L'elasticità che serve per essere un buon capo (di F. Alberoni)

Inizia questa settimana con un monito che suona come musica per le mie orecchie. Francesco Alberoni sostiene che ci vuole gioco di squadra per fare impresa. Aggiungo un altro fattore in cui ho sempre creduto: il Potere.
Il Potere e il Team sono i 2 elementi che possono proiettare qualunque impresa (e mi riferisco anche a quella politica) a risultati eccellenti.

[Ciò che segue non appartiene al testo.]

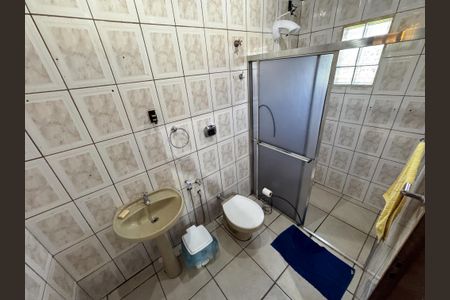 Casa à venda com 323m², 3 quartos e 2 vagasBanheiro Área comum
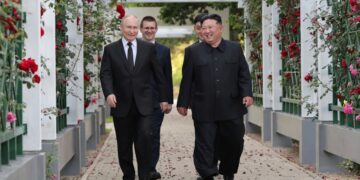 Ο Κιμ Γιονγκ Ουν δεσμεύτηκε ότι θα υποστηρίξει άνευ όρων την Ρωσία στον πόλεμο με την Ουκρανία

Colgo l´occasione per ringraziare tutti quelli del Team che hanno contribuito con il loro lavoro, il loro tempo, le loro idee, i loro consigli, la loro passione, per realizzare la 3a FESTA DELLA BIRRE ARTIGIANALI.


DIETRO LE QUINTE



BALLI DI GRUPPO



Grazie di cuore!
Luca



Chi guida un'impresa deve saper fare gioco di squadra

Elasticità, duttilità, parole che abitualmente non mettiamo in rapporto con l'impresa, eppure sono importanti in un'epoca di cambiamento. L'impresa per sua natura affronta quotidianamente il rischio, il mutare dei prezzi, gli umori del mercato, deve mettere continuamente a punto la sua tattica, talvolta la sua strategia. Un compito cresciuto con l'accelerazione della rivoluzione elettronica in particolare per quelle imprese che assemblano produzioni fatte in Paesi diversi e vendono i loro prodotti nel mercato globale.
Il continuo mutamento e la rapidità di decisione richiede che chi si trova al vertice sia pronto a cogliere e valutare un numero altissimo di segnali di cambiamento. Nessun imprenditore, anche se vi dedica tutto il suo tempo e si sposta in continuazione, può fronteggiare questa continua sfida da solo. Ha bisogno che i suoi stretti collaboratori siano costantemente in contatto con lui per ricevere e per dare informazioni, e che sappiano reagire con tempestività. Un risultato possibile solo se il vertice dell'impresa è formato da una squadra in cui ogni collaboratore ha una precisa funzione ma in cui tutti sanno cosa fanno gli altri, sono in stretto rapporto fra di loro e lavorano come una équipe di ricerca in cui nessuno vuole mettersi in evidenza, ma solo raggiungere il risultato migliore. Il capo farà delle riunioni in cui informa tutti e gli altri riferiscono sul loro lavoro e dicono il loro parere. Ma non basta, bisogna che i membri dell'équipe abbiano una sincera fiducia, stima dei loro compagni, conoscano a fondo cosa stanno facendo, diano loro tutte le informazioni che servono e possano consigliarli senza che nessuno se ne senta sminuito. Così, quando qualcuno è impegnato, gli altri cercano di supplire la sua assenza. Il gruppo dirigente deve essere una comunità solidale di amici tesa verso una meta.
Ce ne fornisce un bellissimo esempio il film «Thirteen days» che racconta come John Fitzgerald Kennedy insieme a suo fratello Bob, a Robert McNamara, ad Adlai Stevenson e pochi altri hanno gestito la crisi di Cuba che poteva sfociare in una guerra mondiale. Tutti parlavano col presidente, discutevano fra loro, gli davano consigli e poi la decisione la prendeva lui solo. Questa organizzazione elastica era necessaria perché era la prima volta che si presentava la possibilità di una guerra atomica e, per evitarla, tutte le vecchie regole militari e diplomatiche andavano completamente cambiate.